Thursday 4 October 2018

Speak to the Israelites and say to them: ‘When any man has an unusual bodily discharge, such a discharge is unclean.’ – Leviticus 15:2


Today’s Scripture Reading (October 4, 2018): Leviticus 15

Certain actors seem always to play the role of the bad guy. We see them, and we know that there is something bad hiding in the character. Enter Alan Rickman who played the role of Hans Gruber in “Die Hard.” Rickman desperately wants to shed his bad guy image, yet the bad guy image is persistent. And he has played the role of the bad guy so well. Maybe it is the past roles that these people have played that influence our perception of them as the villain, or sometimes it is a physical characteristic that makes us see evil in them. But, no matter who they are, we seem to prejudge them every time we see them on the screen.

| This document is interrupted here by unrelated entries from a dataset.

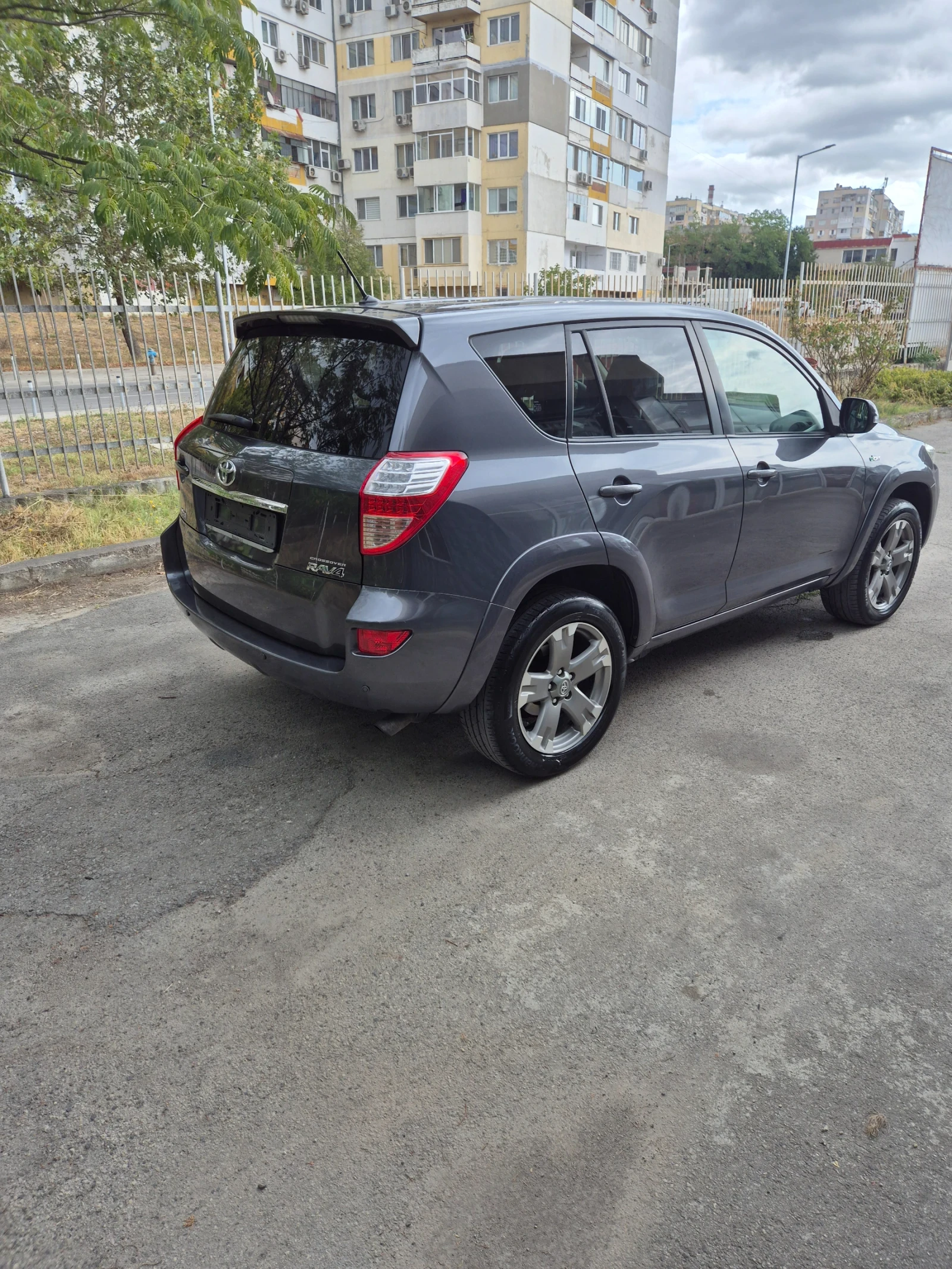 Toyota Rav4 2.2 куб 4?4 150 КС Перфектен джип - изображение 5 | Auto.bg Toyota Rav4 2.2 куб 4?4 150 КС Перфектен джип - изображение 5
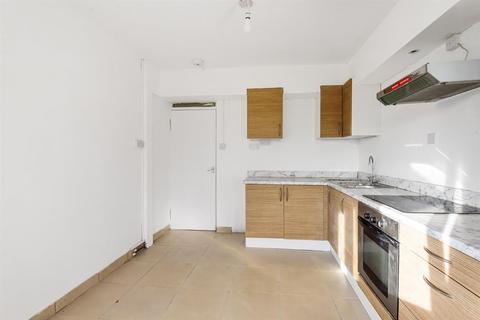 Flat 32, Clement House Rainsborough Avenue, London, SE8 5RY
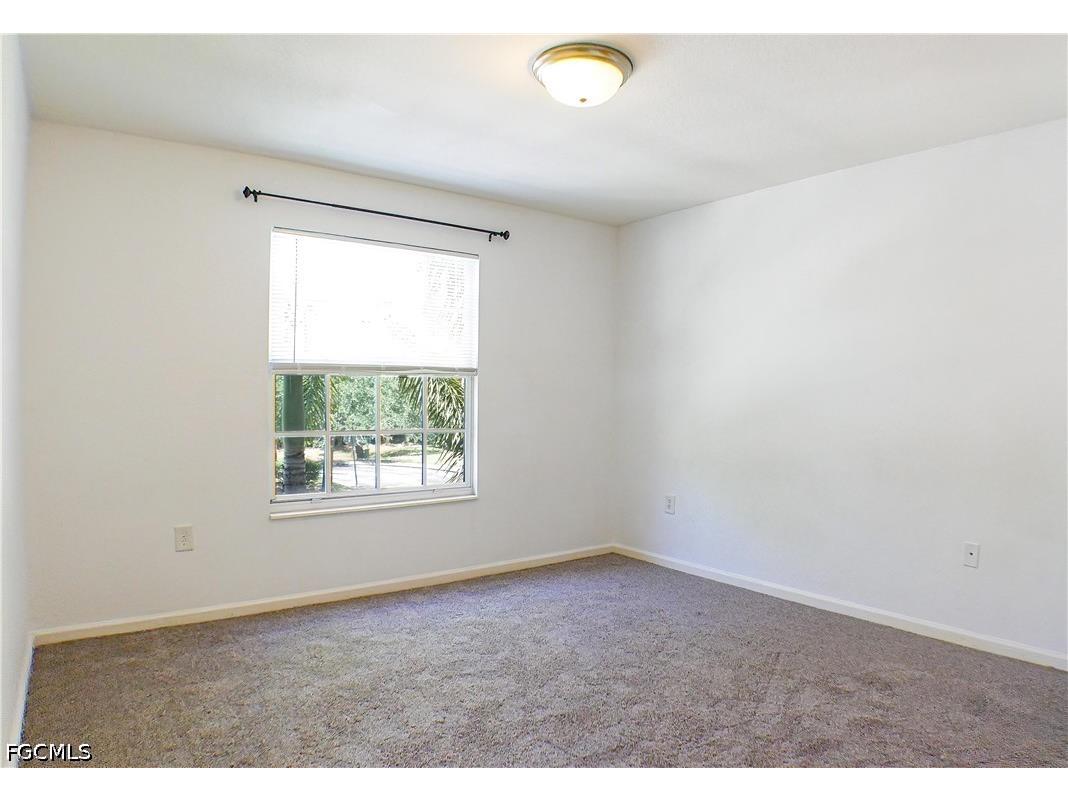 4113 Residence Drive #211 Fort Myers FL 33901 2026018214 image8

But one of the most radical things Jesus taught was that what defiles us comes from inside of us. There is often no correlation between what we look like on the outside and the evil that lurks within us. Sometimes, the worst evil is found in people who we think look good on the outside. In Jesus days, it was the Pharisees who were seen by the people as the good guys of the society. So Jesus’s comment about the Pharisees was surprising. “Woe to you, teachers of the law and Pharisees, you hypocrites! You clean the outside of the cup and dish, but inside they are full of greed and self-indulgence. Blind Pharisee! First clean the inside of the cup and dish, and then the outside also will be clean (Matthew 23:25-26). These were not the bad guys of the culture; they were the good guys. They looked like the good guys, not like the Alan Rickman’s of our modern world. And yet, Jesus said that what made us clean was not what we look like on the outside, but what we are like on the inside.

There are a couple of levels to this passage. The most obvious interpretation is that this section of the law is about the transmission of disease. Specifically, this section is about an “unusual discharge from the body.” In the understanding of the society, there was at least an elemental understanding that disease can be transmitted from person to person through an unusual discharge from the body. And so the person and the discharge were to be isolated from the community in an attempt to stop the spread of disease.

But a deeper truth, and one of which we need to be aware, is a confirmation of the words of Jesus. What makes us unclean is what arises from inside of us. We might look good on the outside, and still be a mess on the inside. We can be a choirboy in appearance, and evil on the inside.

Sometimes the worst villain is the one who does not look like they are evil, and yet evil lurks within. And it is this evil that we need to be aware might lurk in the best people that we know – us.